While it is unclear what regulatory action the scrutiny will spur, the move illustrates how concerned authorities are about contagion from the property sector destabilizing the financial industry. Trust firms have this year defaulted on about 58 billion yuan ($8.6 billion) of investment products linked to property developers, which were sold to wealthy Chinese, according to industry data tracker Use Trust.

These investors have joined homebuyers and bond fund managers in feeling the pain of a liquidity crisis that’s driven dozens of developer defaults and frozen construction of hundreds of projects across the country.

China’s trust industry, after at least six rounds of restructuring since its inception in 1979, combines characteristics of commercial and investment banking, private equity and wealth management. Firms in the sector pool household savings to offer loans and invest in real estate, stocks, bonds, commodities, and even bottles of sorghum liquor.
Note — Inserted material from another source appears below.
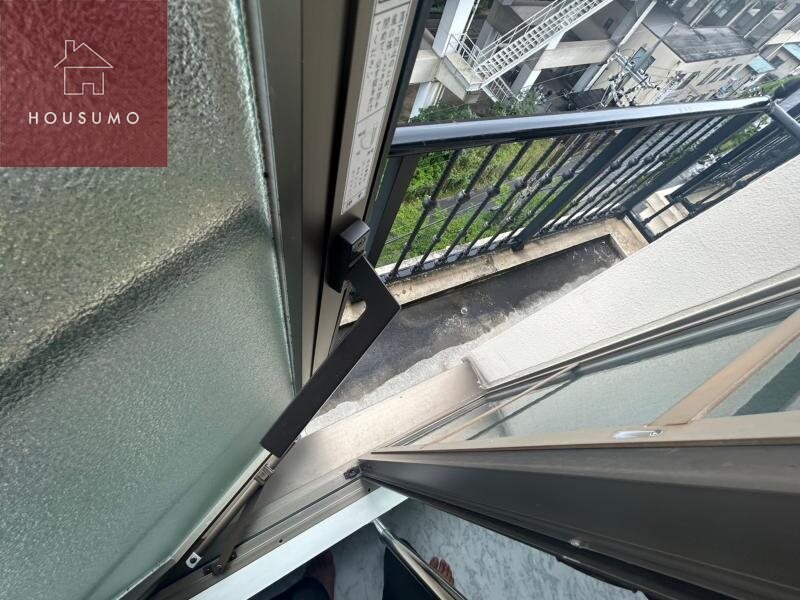 メゾンパティオⅡの物件内観写真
No other firms in the financial industry operate across all these asset classes.

Trusts were once a popular avenue of funding for the property sector. Until recently, trust products were seen by wealthy Chinese individuals and institutions as a safe place to park their money.

The inspection by the audit office is still in progress and no conclusions have been made so far, the people said.

China’s National Audit Office is responsible for inspecting the central government’s budget implementation, and reports its results to the Premier. The agency is also brought in for ad-hoc reviews of state-owned institutions, which pose a threat to the broader economic stability. Its inspection of more than a quarter of the trust industry shows the government is seeking an independent assessment of the risks involved, the people said. 

None of the trust firms were immediately available to comment when reached by Bloomberg. The top auditor and the China Banking and Insurance Regulatory Commission, which oversees trust firms, didn’t immediately respond to Bloomberg requests for comment. 

Over the past few years, authorities have taken a series of measures, including tougher capital requirements, to cool what had been the fastest-growing corner of the shadow banking industry.

The nation’s 68 trust firms held a combined 20.2 trillion yuan of assets at the end of March, down about 5.5% over the past two years, according to the China Trustee Association. About three quarters of that was in money trusts, of which developer trusts made up about 11%.

The inspection comes as trust firms have more recently emerged as unlikely white knights for the embattled property sector by becoming mini-developers themselves.

Trust firms, including MinMetals Trust Co. and Zhongrong Trust Co., have bought stakes in at least 10 real estate projects this year, betting that unfinished homes will eventually yield cash to pay off some of the $230 billion in property-backed funds they have issued to investors.